Every October, downtown San Bernadino shuts down its streets for something genuinely worth the trip — more than 1,200 classic cars, hot rods, and custom builds rolling into the blocks around La Plaza Park for the Rendezvous Back to Route 66, one of the Inland Empire's longest-running automotive celebrations. The event is free to spectators, runs 9 AM to 9 PM, and draws tens of thousands of fans to a corridor that was once the beating heart of the Mother Road. The catch?
Those same downtown blocks are the ones that close for the show — and every parking lot, County structure, and side street within walking distance fills up fast once the gates open at 9 AM.
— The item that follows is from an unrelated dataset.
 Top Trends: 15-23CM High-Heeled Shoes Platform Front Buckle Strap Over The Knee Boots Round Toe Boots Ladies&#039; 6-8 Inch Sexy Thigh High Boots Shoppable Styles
If your group is coming from Riverside, Redlands, Fontana, or anywhere across the Inland Empire, organizing your own arrival is where the headache lives. This guide covers the logistics that matter: exactly where the event sits, which streets close, where the parking actually is, why a San Bernadino party bus or charter bus changes the math entirely, and how to time your group's arrival so you're seeing cars — not circling blocks. We've run groups to this event.
The advice below is what we tell our own clients before they book.
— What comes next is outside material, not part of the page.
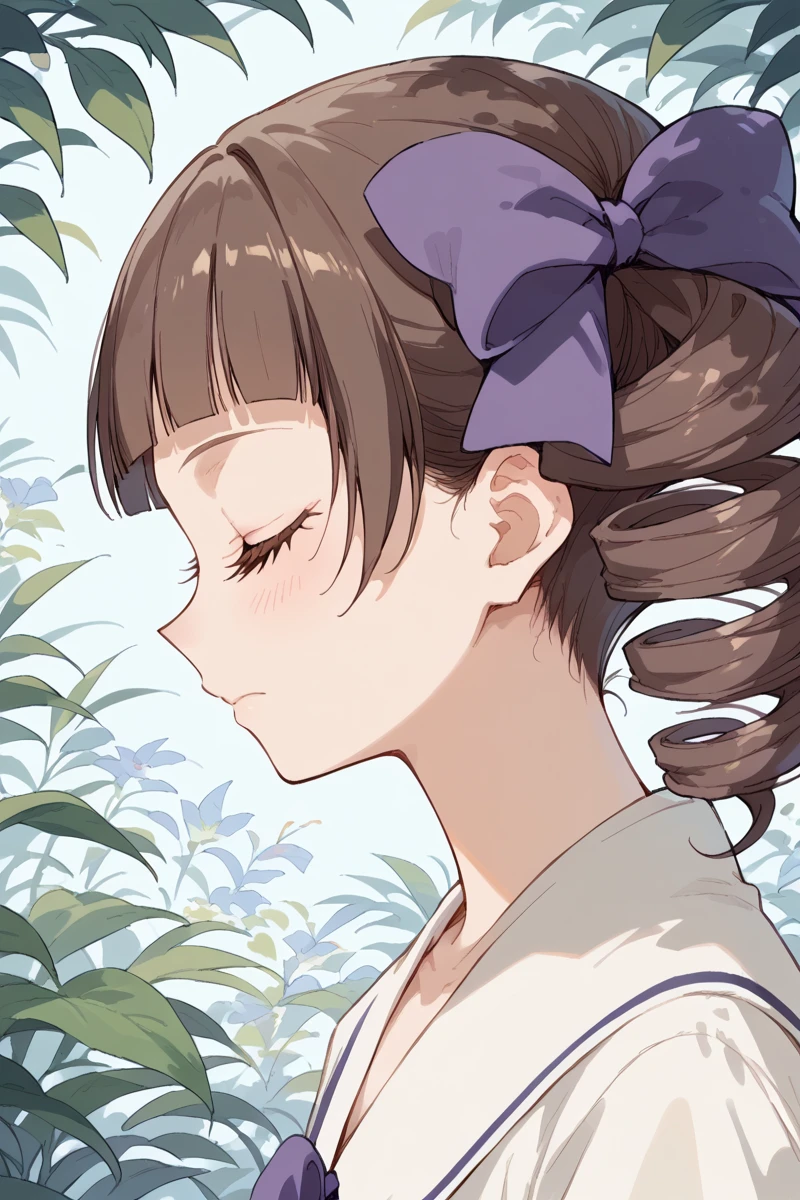 score_9, score_8_up, score_7_up, score_6_up,
 <lora:Touko_Matsudaira:0.9> touko, 1girl, solo, closed eyes, brown hair, drill hair, profile, close-up, bangs, blunt bangs, closed mouth, purple bow, bow, hair bow, anime coloring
What Is the Rendezvous Back to Route 66?
The Rendezvous Back to Route 66 is an annual classic car show and street festival presented by the San Bernadino Area Chamber of Commerce and co-sponsored by the City of San Bernadino. It traces its roots to 1990, when the event launched at Glen Helen Regional Park with 300 vehicles and roughly 4,000 spectators. By the time it moved to downtown San Bernadino streets in 1992, attendance was already climbing fast — and the show eventually grew into a four-day festival that drew over 2,000 custom vehicles and half a million visitors at its peak.
The current format runs as a single-day event, typically on the second Saturday of October each year. The 2025 edition falls on Saturday, October 11, 2025, from 9 AM to 9 PM. The 2026 edition is scheduled for Saturday, October 10, 2026, same hours.
Registration is open to all 1999-and-older custom vehicles and all motorcycles; bicycles and other vehicle types require pre-approval through the organizers at (909) 885-7515.
The show grounds center on "E" Street and Court Street in the heart of downtown, spreading across the blocks around La Plaza Park. Live entertainment runs throughout the day, two beer gardens operate on-site, and local food vendors fill the surrounding streets. Admission is free for spectators — you pay nothing to walk in and spend twelve hours in the middle of one of the Inland Empire's best annual car shows.
Why Downtown San Bernadino Is Hard to Park On Event Day
Here is the friction that catches most groups off guard. The event boundaries run from E Street to the west, 5th Street to the north, Arrowhead Avenue to the east, and 2nd Street to the south — which means the entire grid that normally provides public parking in downtown San Bernadino is either closed to through traffic or already full with registered vehicles by mid-morning. The Carousel Mall parking lot is closed to the public on event day.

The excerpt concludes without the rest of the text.